The inference phase consists of solving the constraint system. Whenever a program point has several predecessors $u_1,\ldots,u_k$, the assertion at that point must satisfy all incoming constraints. Hence the candidate assertion is strengthened until

$$ A_{u_i} \Rightarrow \operatorname{pre}_{u_i,w}(A_w) \qquad (1\le i\le k), $$

where $\operatorname{pre}_{u_i,w}$ denotes the appropriate predecessor transformation.

The process continues until a fixed point is reached. At that stage every edge of the flowchart satisfies its verification condition.

For Algorithm E, suppose only assertions $A1$, $A4$, and $A6$ are supplied. The unknown assertions $A2$, $A3$, and $A5$ are represented symbolically. Propagation of conditions forward and backward through steps E1-E4 generates constraints relating the variables

$$ a,a',b,b',c,d,m,n. $$

The fixed-point computation discovers the invariant

$$ a'm+b'n=c, \qquad am+bn=d, $$

together with the positivity conditions on $c$ and $d$. These are precisely the assertions needed for the inductive proof of correctness. Once they have been inferred, every transition E1 $\rightarrow$ E2, E2 $\rightarrow$ E3, E3 $\rightarrow$ E4, and E4 $\rightarrow$ E2 satisfies its verification condition, yielding a complete correctness proof.

Thus the desired program consists of:

A parser that converts the source program into a control-flow graph.
A symbolic assertion generator.
A weakest-precondition or verification-condition generator.
A constraint solver that computes assertions satisfying all generated implications.
A verifier that checks every edge after the assertions have been inferred.

This realizes Floyd's method mechanically and attempts to fill in omitted assertions automatically.

Verification

Let $A_v$ denote the assertion attached to program point $v$.

For each assignment edge, correctness requires that execution of the assignment transform states satisfying $A_v$ into states satisfying $A_w$. Substitution produces exactly the weakest such requirement.

For each branch edge, correctness requires that every state satisfying the predecessor assertion and the branch condition satisfy the successor assertion. The generated implication expresses precisely this requirement.

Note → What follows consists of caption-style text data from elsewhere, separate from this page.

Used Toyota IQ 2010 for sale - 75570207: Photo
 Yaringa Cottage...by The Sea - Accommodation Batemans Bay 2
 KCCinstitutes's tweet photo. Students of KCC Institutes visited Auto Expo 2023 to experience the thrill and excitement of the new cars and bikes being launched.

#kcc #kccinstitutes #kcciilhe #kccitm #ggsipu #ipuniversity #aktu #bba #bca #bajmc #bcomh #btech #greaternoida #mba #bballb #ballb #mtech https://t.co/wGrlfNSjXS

If all generated implications are valid, every execution path preserves the assertions attached to successive program points. By induction on the number of executed program steps, every reachable program point satisfies its associated assertion.

When the initial assertion and final assertion are among the supplied conditions, the inferred intermediate assertions complete a Floyd-style inductive proof of program correctness.

Notes

The problem is historically significant because it anticipates modern verification systems. Floyd's method of inductive assertions later evolved into verification-condition generators and weakest-precondition calculi. Exercise 14 asks for an automated discovery mechanism for invariants, which remains one of the central problems in program verification.